Na verdade, são essas partículas que provocam a
resposta imunológica em nosso organismo, produzindo proteção contra a doença.
"O que pode acontecer é a pessoa ser alérgica à algum componente da
fórmula ou estar incubando a gripe e, coincidentemente, tomar a vacina,
manifestando os sintomas depois, que são erroneamente associados à
vacina", diz a infectologista Adreia Maruzo.
Outro detalhe: a proteção ocorre
efetivamente de duas a três semanas após a vacinação. "Ou seja:
nesse período o indivíduo não está efetivamente protegido contra a doença
ainda", explica Reynaldo Quagliato Júnior, pneumologista e professor do
curso de Medicina da Faculdade São Leopoldo Mandic.
A vacina possui efeitos colaterais?
Sim, sendo o mais comum dor e inflamação no local
da injeção. Nos estudos clínicos, os eventos adversos graves foram muito raros.
O que pode ocorrer, mas são incomuns, são sintomas como dor de cabeça, febre,
náuseas, tosse, irritação no olhos e dor muscular. A diferença é a curta
duração, pois passam em dois ou três dias.
Serve para resfriado também?
Não. Gripe e resfriado são doenças
distintas e causadas por vírus diferentes. Contudo, como partilham
vários sintomas, muitos pensam que são a mesma coisa. Além de bastante comuns,
ambas surgem por culpa de vírus e causam coriza, tosse e espirros, também tendo
formas de contágio semelhantes e facilmente transmissíveis de uma pessoa para
outra. Só que as semelhanças terminam por aí.
A gripe é uma infecção mais forte do que o
resfriado, costuma durar menos tempo e apresenta maior taxa de complicações,
como problemas pulmonares e cardíacos. Também pode ser perigosa em idosos,
bebês e pessoas com imunidade baixa. O resfriado, por sua vez, raramente causa
complicações.
Preciso mesmo tomar a vacina todos os
anos?
Sim. Max Igor Banks Lopes, infectologista do
Hospital Santa Catarina, em São Paulo (SP), explica que existe um trabalho de
monitoramento do vírus Influenza, feito pela Organização Mundial da Saúde
(OMS).

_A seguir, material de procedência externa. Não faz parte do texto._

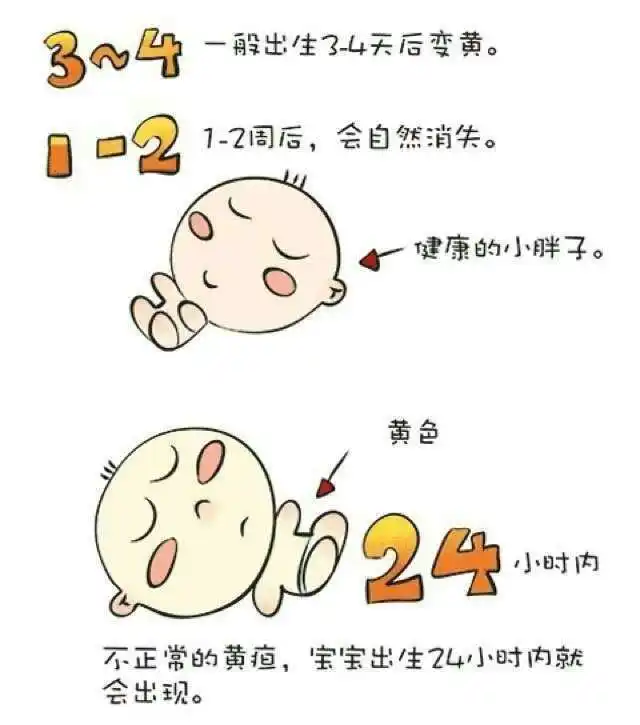 f333d23a2d3c4eab851c50494edb1f9.png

A ideia é tentar definir qual será a mutação que vai predominar nos
meses de maior transmissão e soltar o padrão para a indústria meses antes, a
tempo da vacina ser produzida.
Mesmo existindo essa "loteria", é muito
importante tomar a vacina anualmente. "Muitos estudos comprovam que ela
diminui os casos graves da gripe, mesmo não dando necessariamente 100% de
proteção", explica o especialista. "Ainda assim, dá uma imunidade
parcial importante: você até pode pegar, mas não será tão grave quanto seria se
estivesse sem a vacina."
Como me livrar logo da gripe?
A melhor forma é investir em uma vida saudável
antes de ser pego pelo vírus. Isso porque, uma vez adquirida a doença, a
evolução vai depender unicamente do sistema imune da pessoa. "Repouso,
alimentação balanceada, hidratação adequada, antitérmicos, antiinflamatórios
costumam fazer um bom trabalho no combate dos sintomas", diz o
infectologista Haroldo Rodrigues.
Já os antibióticos só devem ser tomados somente
com ordem médica, pois são efetivos apenas contra bactérias e não contra vírus.

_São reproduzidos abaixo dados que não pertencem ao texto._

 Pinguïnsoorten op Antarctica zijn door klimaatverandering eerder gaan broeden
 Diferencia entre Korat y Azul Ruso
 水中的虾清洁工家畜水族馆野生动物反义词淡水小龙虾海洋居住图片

Até existe um antiviral específico para a gripe --o fosfato de oseltamivir, ou
Tamiflu, que acelera a recuperação e previne complicações. Mas, como a doença
costuma ir embora sozinha depois de uma semana, mais ou menos, o médico acaba
prescrevendo apenas remédios que controlam o mal-estar e outros sintomas.

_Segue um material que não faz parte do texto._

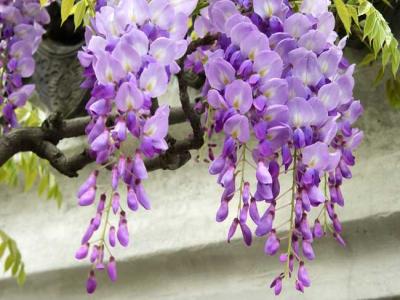 紫藤什么時候開花？紫藤花的花語是什么？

Ah, também é bom evitar ambientes fechados, lavar
as mãos com frequência, fazer a limpeza adequada dos ambientes e ainda deixá-lo
ventilando. "Todos comportamentos que melhoram a saúde e a qualidade de
vida fazem com que respondamos mais prontamente às viroses e demais
doenças", diz o médico homeopata Roberto Debski.